Distribution Date:          Rights will separate from the Common Stock and
                            become exercisable following the earlier of (i) the
                            tenth day after the "Flip-in" trigger referred to
                            below or (ii) the tenth business day after any
                            person commences a tender or exchange offer that
                            would result in such person holding a total of 15%
                            or more of the Common Stock.

Exercise of Rights:         After the Distribution Date, each Right will entitle
                            the holder to purchase, for a Purchase Price of $42,
                            one one-hundredth of a share of Series A Junior
                            Participating Preferred Stock, par value $.01 per
                            share (the "Preferred Stock").
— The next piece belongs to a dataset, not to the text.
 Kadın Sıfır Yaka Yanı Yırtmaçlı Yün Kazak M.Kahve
"Flip-in" Trigger:          If any person acquires 15% or more of the
                            outstanding Common Stock (such person being an
                            "Acquiring Person"), then promptly thereafter each
                            Right (other than Rights owned by such Acquiring
                            Person or transferees thereof, which Rights become
                            void) automatically becomes a right to buy, at the
                            Purchase Price, in lieu of one one-hundredth of a
                            share of Preferred Stock, that number of shares of
                            Common Stock (or, in certain circumstances, cash,
                            property or other securities, including nonvoting
                            common stock, of the Company), having a market value
                            of twice the Purchase Price.
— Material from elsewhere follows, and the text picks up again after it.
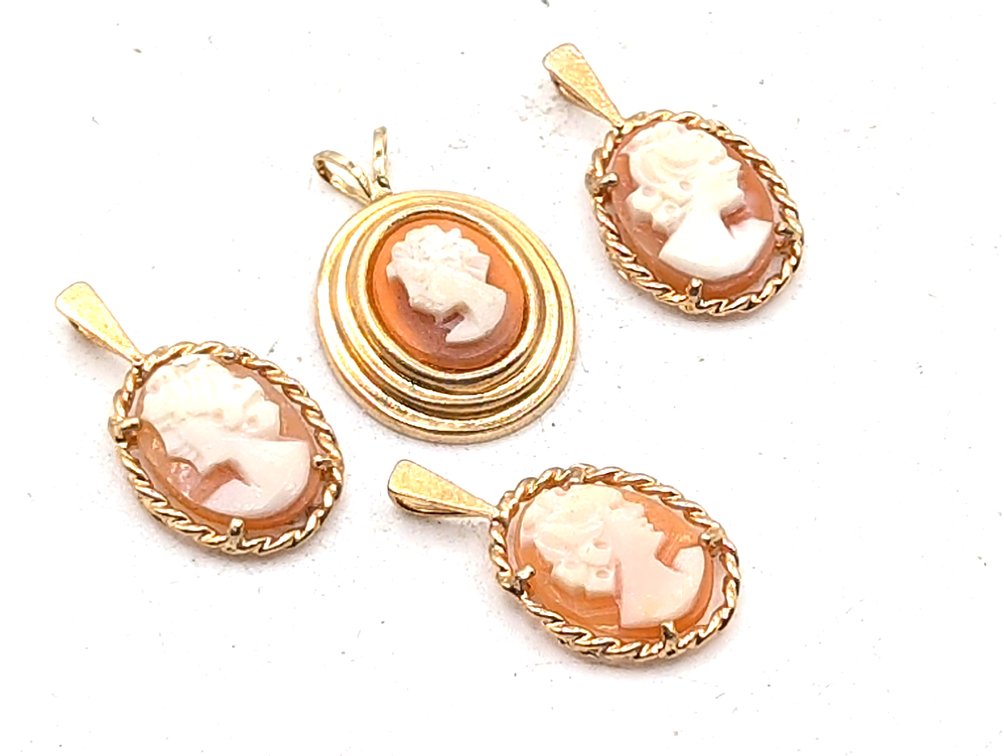 14K Gold Cameo Pendants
Exchange Option:            If a "Flip-in" trigger has occurred, and prior to
                            the acquisition by any Acquiring Person of 50% of
                            the Common Stock, the Board may, in lieu of allowing
                            the Rights to be exercised, require each outstanding
                            Right to be exchanged for one share of Common Stock.
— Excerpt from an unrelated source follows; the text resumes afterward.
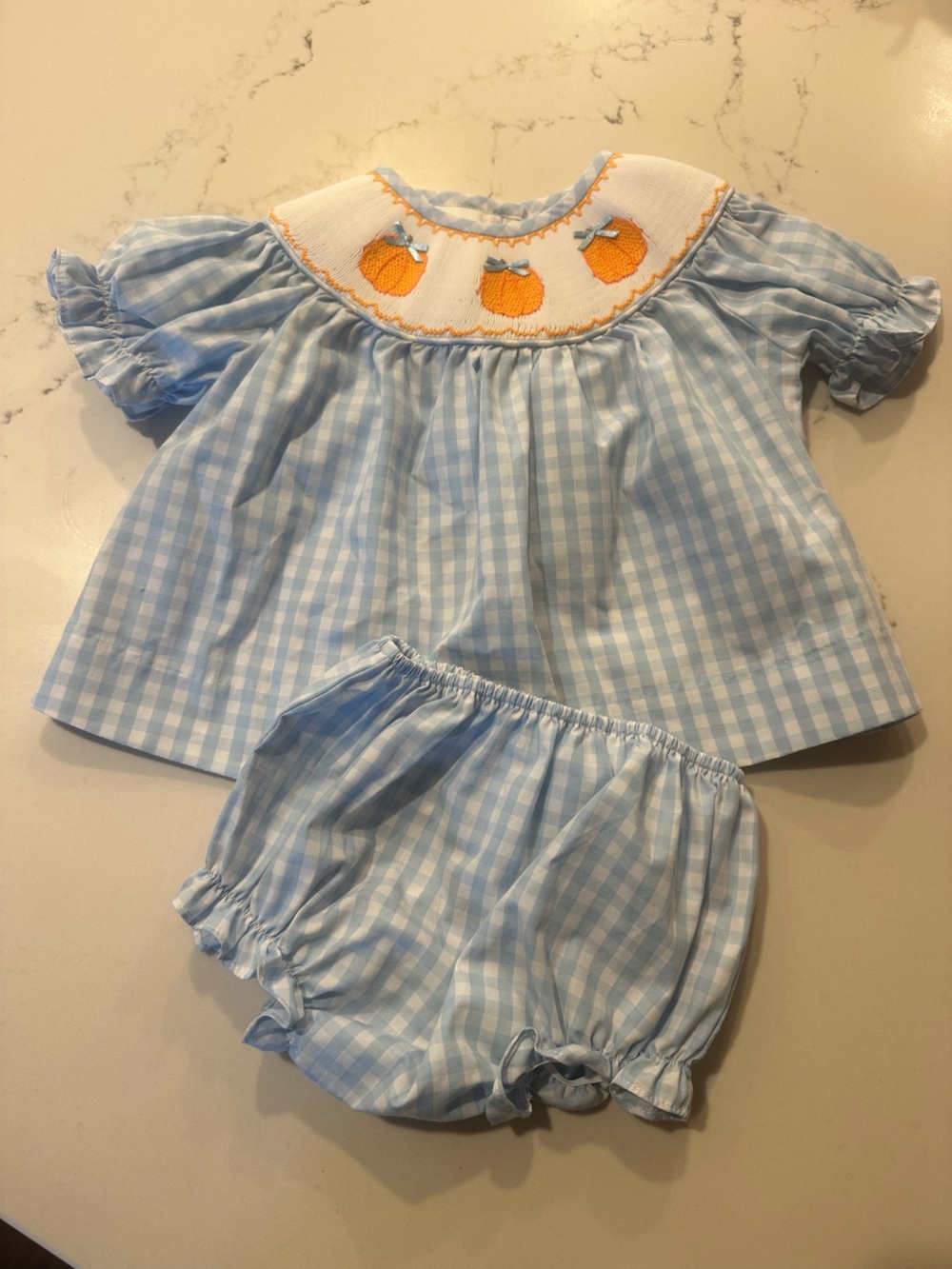 Children's Light Blue Gingham Pumpkin Smocked Two-Piece Outfit. 18 month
                                      C-1


"Flip-over" Trigger:        After a person becomes an Acquiring Person, the
                            Company may not consolidate or merge or sell 50% or
                            more of its assets or earning power to any person or
                            entity unless proper provision is made so that each
                            Right would thereafter become a right to buy, at the
                            Purchase Price, the number of shares of Common Stock
                            (or similar equity interest) of such person or
                            entity having a market value of twice the Purchase
                            Price.

Redemption:                 The Company may redeem the Rights in whole, but not
                            in part, at a price of $.01 per Right, payable, at
                            the option of the Company, in cash, shares of Common
                            Stock or such other consideration as the Board of
                            Directors may determine. The redemption period will
                            expire when an Acquiring Person has become such.
                            Immediately upon the effectiveness of the action of
                            the Board of Directors ordering redemption of the
                            Rights, the Rights will terminate and the only right
                            of the holders of Rights will be to receive the $.01
                            redemption price.

Power to Amend:             The Board may amend the Plan in any respect (with
                            the exception of the ten year term and the
                            Redemption Price) until the Rights are no longer
                            redeemable. Thereafter, the Board may amend the Plan
                            only to a limited extent and under limited
                            circumstances.

Expiration:                 The Rights will expire ten years from the date of
                            their issuance.